For my books on leadership, I have now been fortunate enough to interview 120 CEO’s. When I asked them about the most important skills of leadership, communication always featured as a top 3 skill.
Often, it was the second most important (behind strategic thinking) and sometimes the most important.
As you might imagine, I also always asked what else they were looking for in the leaders they hired in their own organizations. The answers were very consistent.
Most often mentioned, in order of priority, were:
•raw intellect and the ability to think strategically, and with clarity;
•the ability to choose the right people and then align them to a cause;
•the ability to inspire people and take them with you;
•a good communicator, a good listener;
•a strong sense of mission;
•integrity, authenticity, strong values, honesty, openness and curiosity;
•domain excellence (knowledge and experience of the business they lead); and of course,
•numeracy, and a focus on performance and results.

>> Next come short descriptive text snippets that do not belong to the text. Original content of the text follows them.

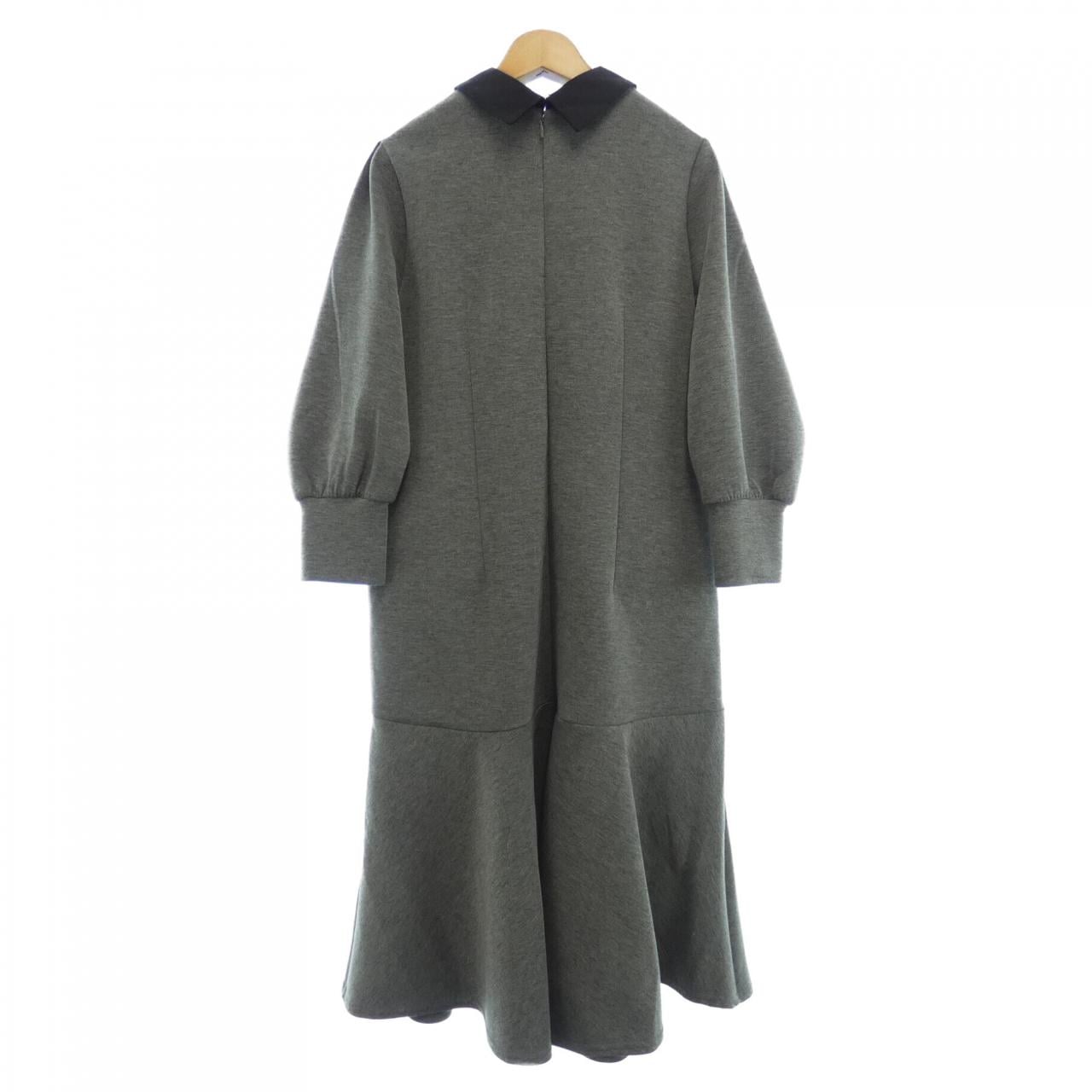 ストラ Stola. ワンピース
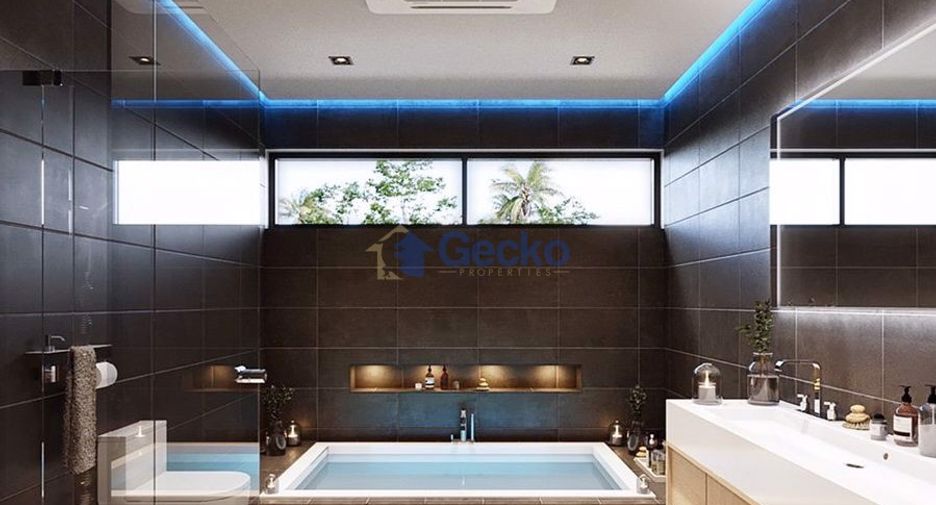 For sale 4 bedrooms house in Pratumnak, Pattaya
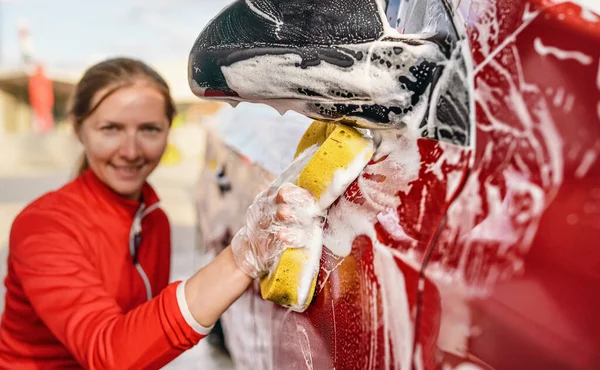 Genç Bir Kadın Arabasının Kenarını Temizliyor Elinde Sarı Sünger Tutan — Stok fotoğraf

High on their list of desired skills and attributes are many of the same things wanted by followers: a future focus; strategic ability; a sense of mission; strong values; honesty; the ability to inspire; authenticity; integrity.
Authenticity came up a great deal. When I asked what it was and why it was necessary, here is what they said: ‘It is about being true to yourself. And true to others.’
To do this, they said you have to know your own strengths and weaknesses. You have to be clear about the beliefs that underpin your strengths. You must figure out your sense of purpose. Articulate all of the above. Only then can you talk from the heart and be true to yourself.
The leaders also said you cannot lead if you are not trusted, and people cannot trust you if they don’t know who you are, so you have to be visible – show up and be accessible. You have to talk about your values, you have to treat people with respect, as one adult to another, and be interested in them and always admit to mistakes or that you don’t know all the answers.
Most of all, you have to be a model of the behaviours you want. The signals you send in your body language, the way you dress, the look on your face, the policy you don’t enforce, all communicate more powerfully than the words you speak.
Language is a system, the CEOs said, and not just a set of words.
My research with them has been about trying to understand the system they used to be more inspiring, to engage employees, to enable people to super-perform.
The leaders I interviewed said that the purpose of leadership communication is to influence and inspire (in order to achieve great results). To do so requires you to deliver 12 key components of inspirational communication.
The 12 principles are:
1.Learn how to be yourself, better, and reveal more of yourself in the way you communicate, in order to build trust.
2.Give voice to a compelling purpose and a powerful set of values, to create a framework that enables empowerment, action and decision making.
3.Combine this with a vivid picture of the future, which you communicate relentlessly to drive behaviours in the present.
4.Keep your people focused on the key relationships that your organization depends on for success – especially customers; use those insights to drive change, and make building trust in those relationships a priority.
5.Make ‘engagement’ a strategic goal, and use powerful, courageous conversations to engage.
6.Become a fanatic about understanding audiences, before trying to communicate with them.
7.Listen in new and powerful ways, and learn to ask the right questions.
8.Prepare a potent point of view to communicate your messages.
9.Use more stories and anecdotes to inspire the right behaviours.
10.Be aware of the signals you send through your body language and your behaviours, which can overwhelm your words.
11.Prepare properly for every public platform, internal or external – your credibility is at stake.
12.Learn, rehearse, review, improve – humility is a major asset. Always strive to be a better communicator.
Above all, make the building and maintaining of trust a strategic goal.